The matter mystery has stumped scientists who believe, based on existing theories, that the Big Bang should have produced equal amounts of matter and anti-matter, which would have immediately destroyed each other, leaving nothing behind.
Tanmay Vachaspati, a professor of physics at Arizona State University, and his colleagues think they have found a clue to that mystery, believing a signal in the Fermi gamma ray data suggests an overwhelming production of matter – but not anti-matter – in the early universe.
The team claims to have identified a “twisting” of the gamma rays detected by the telescope. They believe the twisted rays are evidence of a magnetic field that has existed in the universe since less than a second after the Big Bang occurred.
The gamma rays, sensitive to the effect of a magnetic field, carried a spiral pattern imprint from the field. Analysis of the imprint and its properties showed the field is predominately left-handed.
The left-hand orientation is evidence of the overwhelming production of matter. Vachaspati and his team say that anti-matter would have produced a right-hand orientation.
The discovery of the left-hand signal was actually reported by Vachaspati and his colleagues in a paper published in 2014, but the physics professor still had questions, and therefore didn't “make a big deal of it.”
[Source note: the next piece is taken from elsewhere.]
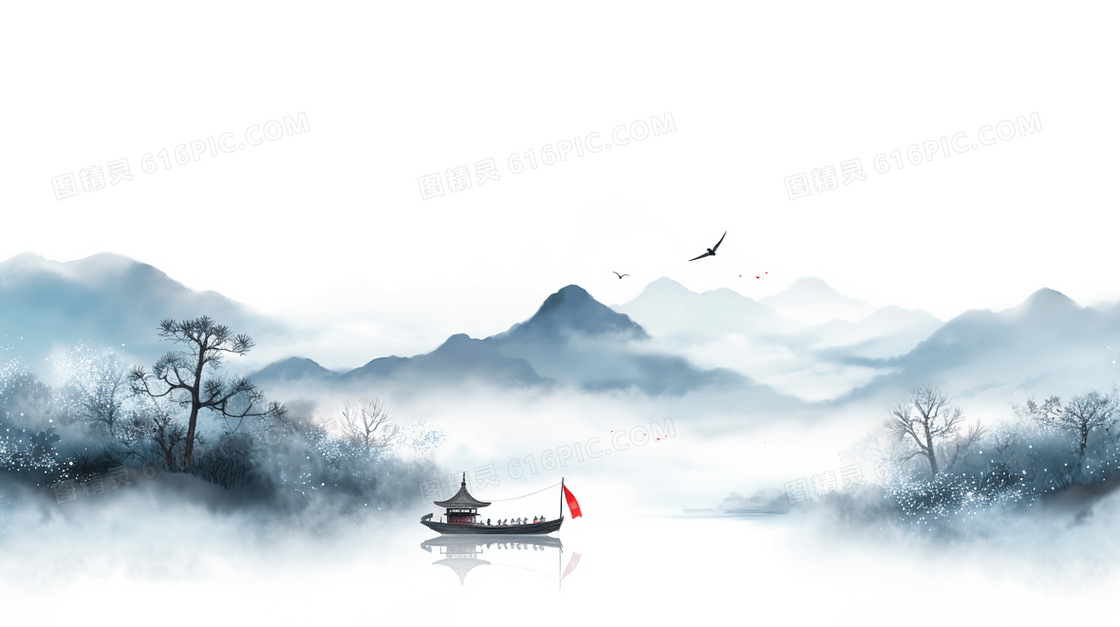 中国风江上泛舟山水水墨风景插画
"We were kind of cautious, and we didn't want to make a big deal of it, because we thought maybe the signal would go away with more data or more analysis," Vachaspati said. "And then, in [the new paper], we used more data and did other kinds of analysis. And the signal is still there."
The researchers did, however, point out that there is a 0.3 percent chance that the results aren't what they seem.
Vachaspati said that the next step is to continue to look for the signal in more Fermi telescope data.
"I think the most important part is that we're seeing a suspicious signal in the data, and then the rest is kind of one step at a time,” he said.
Launched in 2008, the Fermi Gamma-ray Space Telescope observes gamma rays from very distant sources, such as the universe's supermassive black holes.